The Sassi di Matera (meaning "stones of Matera") are prehistoric cave dwellings in the Italian city of Matera, Basilicata. Situated in the old town, they are composed of the Sasso Caveoso and the later Sasso Barisano.

Matera has gained international fame for its "Sassi". The Sassi originate from a prehistoric (troglodyte) settlement, and are suspected to be some of the first human settlements in Italy

Matera was developed by its inhabitants over the centuries in a manner that is now called "Spontaneous Architecture" due to the way the city conforms to the natural environment while revealing many very sophisticated and elegant styles. This form of architecture strikes the attention of visitors arriving in the city, as it creates a surreal landscape reminiscent of the emotions stirred before certain modern abstract paintings.

Amidst the rocks of Matera, Byzantine churches carved into the rock are adorned with religious paintings on ancient walls eroded by time. Before these unique churches one feels transfixed in a place where time seems to have stopped - in sacred time.

Although Matera is not as famous from an archaeological point of view as Pompeii, Agrigento or Pozzuoli, it has such unique and suggestive environmental characteristics that it remains one of the most admired cities in Italy - and indeed, the world.
The Sassi are houses dug into the tufa rock itself, which is characteristic of Basilicata and Puglia. Many of these "houses" are really only caverns, and the streets in some parts of the Sassi often are located on the rooftops of other houses. The ancient town grew in height on one slope of the ravine created by a river that is now a small stream. The ravine is known locally as "la Gravina".

In the 1950s, the government of Italy forcefully relocated most of the population of the Sassi to areas of the developing modern city. However, people continued to live in the Sassi, and according to the English Fodor's guide:

“     Matera is the only place in the world where people can boast to be still living in the same houses of their ancestors of 9,000 years ago.     ”

Until the late 1980s this was considered an area of poverty, since these houses were, and in most areas still are, mostly unlivable. Current local administration, however, has become more tourism-oriented, and has promoted the re-generation of the Sassi with the aid of the European Union, the government, UNESCO, and Hollywood.
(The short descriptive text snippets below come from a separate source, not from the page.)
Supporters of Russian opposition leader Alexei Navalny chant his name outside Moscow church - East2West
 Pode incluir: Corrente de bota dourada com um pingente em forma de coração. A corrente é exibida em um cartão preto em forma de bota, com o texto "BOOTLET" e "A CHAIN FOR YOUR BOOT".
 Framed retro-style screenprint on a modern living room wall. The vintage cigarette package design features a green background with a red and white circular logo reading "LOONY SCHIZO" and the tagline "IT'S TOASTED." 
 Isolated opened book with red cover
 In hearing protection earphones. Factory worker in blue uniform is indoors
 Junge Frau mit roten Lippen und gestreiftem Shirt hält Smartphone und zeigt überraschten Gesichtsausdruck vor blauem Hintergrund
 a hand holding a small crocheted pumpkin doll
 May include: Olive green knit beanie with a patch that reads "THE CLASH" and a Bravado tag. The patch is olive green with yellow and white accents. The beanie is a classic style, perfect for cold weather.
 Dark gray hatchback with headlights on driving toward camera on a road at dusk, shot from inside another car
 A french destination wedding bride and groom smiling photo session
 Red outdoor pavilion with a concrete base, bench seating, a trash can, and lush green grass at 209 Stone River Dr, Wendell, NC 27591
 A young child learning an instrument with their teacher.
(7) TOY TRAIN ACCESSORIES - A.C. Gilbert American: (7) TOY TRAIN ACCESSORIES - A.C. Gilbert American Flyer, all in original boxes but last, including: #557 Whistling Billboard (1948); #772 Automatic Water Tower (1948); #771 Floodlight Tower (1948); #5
The best season to visit Matera is between the months of May and July. The weather is still beautiful and chaos of Italian mass tourism in August has not yet peaked. If you do not wish to be led around by a local guide (some of whom speak English and can help you to discover unknown sites in the ancient city), you can purchase a typical tourist guide book or get useful information from many Internet resources.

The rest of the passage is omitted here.